Over the years a lot has changed when it comes to physical fitness. One thing that has not changed is the constant introduction of the latest and greatest gadget to help you reach your goals. Some are good, some are, well, useless. In my quest to get back to my optimum healthy weight I have come across a few things that have actually worked, and few that have not. I started this topic to share my experience, and hopefully hear from others on what worked for them, and what did not.

When it comes to the latest tech "apps" are all the rage. When it comes to health and fitness, indeed, there is an "app" for that.

About 3 months ago I came across an "app" called _My Fitness Pa_l, which is a free download on smart phones.
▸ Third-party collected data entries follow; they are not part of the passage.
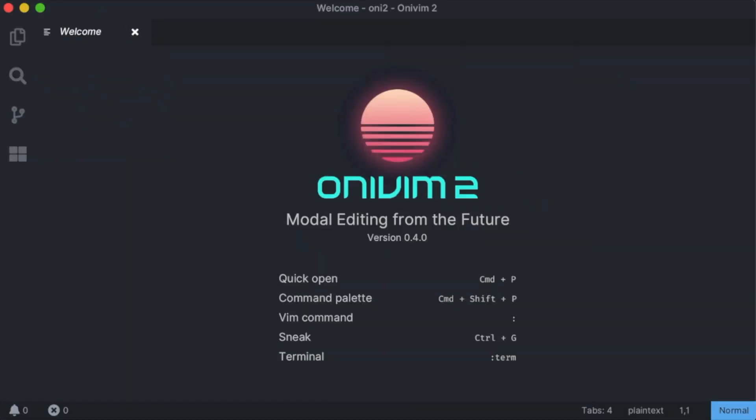Hello, welcome to our 0.4.0 update. Thanks for tuning in and checking out what's new. We've been hard at work the past few months, and there's a lot of new things to show. So let's get started.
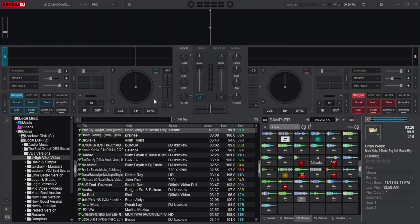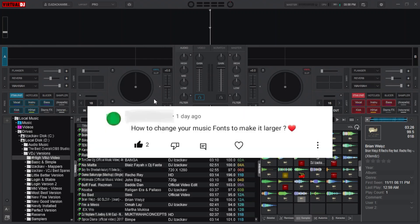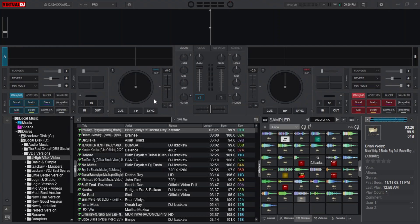In this tutorial you will learn how to change the font size of your browser in Virtual DJ. Recently I got a comment from one of the audience asking me how to change the font size of music in Virtual DJ. Thanks for the question — it is always my pleasure to help someone who needs it, and I hope this video will help you solve your issue.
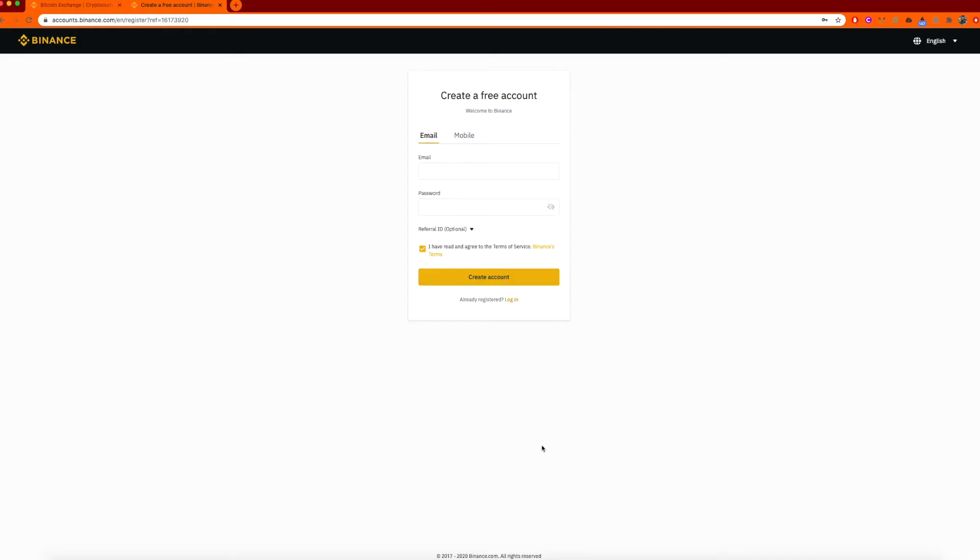Okay, we're back. So today we're going to create your first Binance account and use it to purchase cryptocurrency.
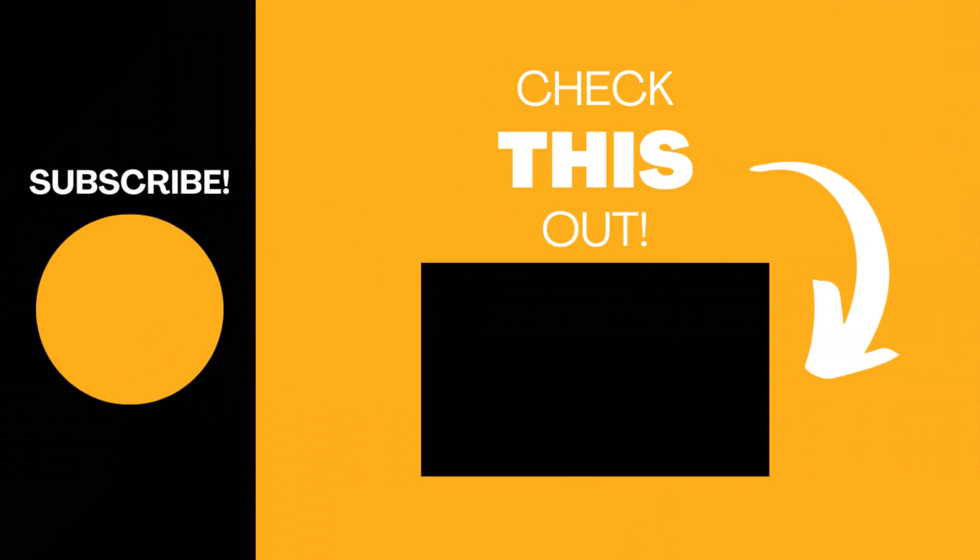Hopefully you found this video useful. If so, please like the video and subscribe to my channel for more top tech tips.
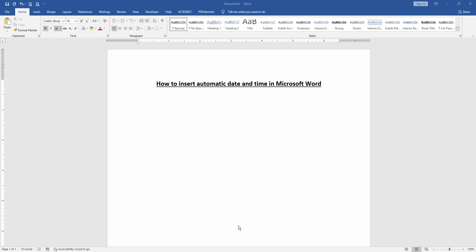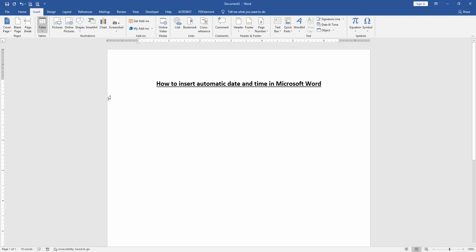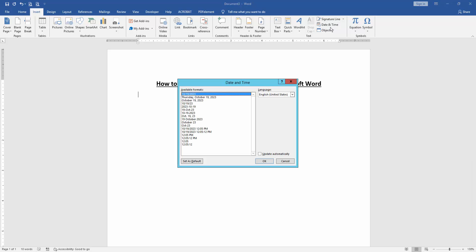At first we have to open a Word document. Then we want to insert automatic date and time in this document. Go to the insert menu. Then click date and time option.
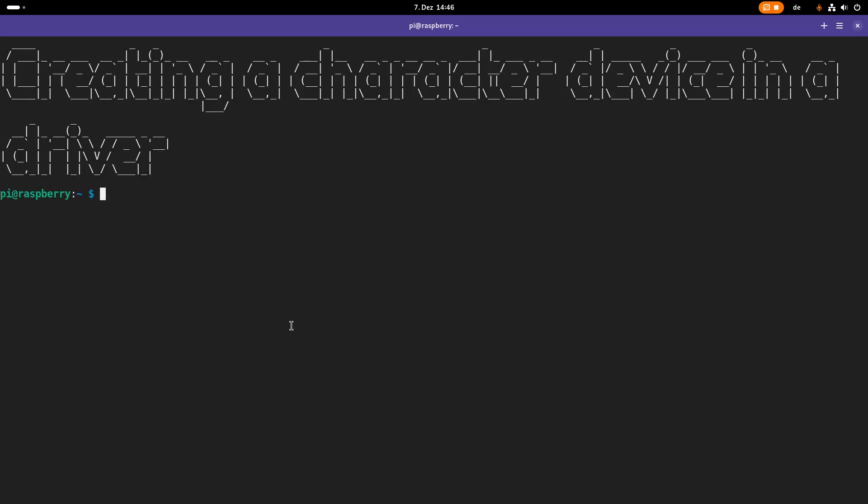It's time for a new episode of my Linux driver tutorials. In my last video I introduced you to device files, device numbers, character and block devices, and I showed you how they can be used as an interface from user space to a Linux driver or Linux kernel module. In today's video we will actually create a character device in a Linux driver. So let's go!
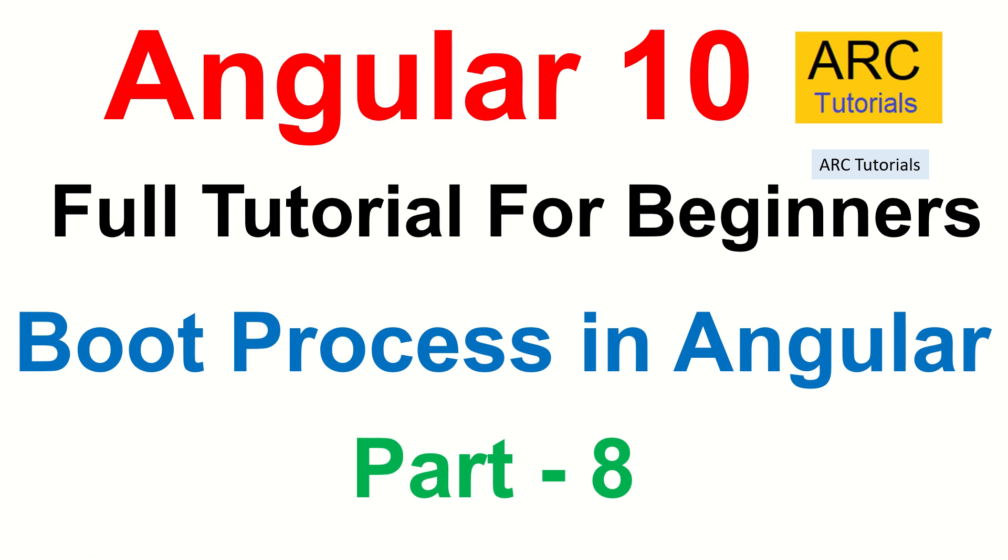Hi friends, welcome back to ARK Tutorials. This is Angular 10 full tutorial series for absolute beginners.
Let me tell you this is much more than a calorie counter. Some of the features are;

*Tracking everything you eat and automatically tabulating all nutritional values* - gone are the days of carrying around a pad and pencil to count your calories then spending time adding it all up, this baby does all the work for you.

*Instant addition of food items and meal memory* - Scan the barcode from the foodstuff that you are adding to your meal and it is instantly added to your database, and is there the next time you eat that item.

*Create custom meals and recipes* - Have a favorite recipe? add up the ingredients, scan them as above, divide into portion sizes and save it in your database, next time you make that healthy lasagna just tap it on your screen and it is counted, too easy.

*Track your workouts and weight progression* - Forgot what muscle groups you did yesterday? No problem pull up yesterdays work out in the exercise menu. You can track each exercise you did, reps, sets, weight. Cardio instantly accounts for calorie burn in your available calorie intake counter, over eating will never be an issue again.

*Progress tracking* - This app even allows you to input your daily weigh in and major measurements allowing you to see how good you are doing over time. Watching that graph go down when you are trying to lose weight is a real motivator.

*Add friends and motivate each other* - You can add friends and keep each other honest and send messages of support. Did you go over your calorie count? Your friends will know about it!

*So much more* - From graphs to tables and even water consumption this app will help you stay on top of your fitness goals, and it is FREE!!!

I have been using this app for three months and have dropped 30lbs without radically altering my fitness program. It has helped me to clearly see what I am putting into my body and to avoid foods that throw me off. I highly recommend this app to anyone who is into fitness, or just needs some help reaching a weight goal.

Regards,


----------



## antigone33 (5 Aug 2012)

I totally love my fitness pal. i don't use the app as I don't have a smart phone but it was the cheapest way of doing the old weight watchers program.  I also found it easier to use then spark people. I have lost weight using it and my friend lost 30 bls.

There is another app/fitness site that logs your fitness workouts called fitocracy. Friends of mine at work loved it because you earned points for various fitness exercises and would challenge each other to gain to see who could gain as many points as they could. they personally did rewards for the person who won. As you win points by exercising, you level up ie right now I am level 20! There is also challenges that score you more points and as well as another award system for dead lifts, getting so many props or posting so many comments. You can also create groups or join groups. In the groups- you can set challenges for the members for example- my group did a boot camp one to see how much running, push up, sit up in a given time. They have also done who can earn the most points. If you pay for fitocracy ie fitocrary hero- you can challenge other fitocracy hero members to a duel for points.   I love it.      

i used mapmyrun to figure out my distance and pace before i got a GPS watch. Another friend of mine used runkeeper for the same thing.  


Since it says Technology- I am a big fan of my garmin forerunner. I find it helpful at the end of my runs to push me to run an extra kilometer or more time. The data it gives is also super helpful- it will tell you the pace you run at as well as map your run and tell you how far you went. Be warned with GPS watches not to take them as absolute data. Many a race director has recieved emails that their race is too short because someone's GPS watch told them they were out a KM. (this is on tried and true race courses.) I also found that depending on satellite locations- sometimes your paces doesn't update as quickly as you would like and it can take a few minutes to locate a satellite for your run especially in the city.  I have the garmin forerunner 110 which has basic features.

When I started running- I had a heart rate monitor- again super basic- just does heart rate and time. I also managed to get a timex heart rate monitor as well. I prefer the band for the polar although I like the watch part of the timex one.  Timex heartrate monitors you can change the batteries on the band yourself and I have been told that Polar is has super awesome customer support.  It is helpful to see how hard or not so hard you are running according to your heart and how quickly your heart returns to normal post exercise.  I have alarms on both watches to tell me that i am above or bellow a targeted zone.  A friend of mine used to use these to help train his clients.


----------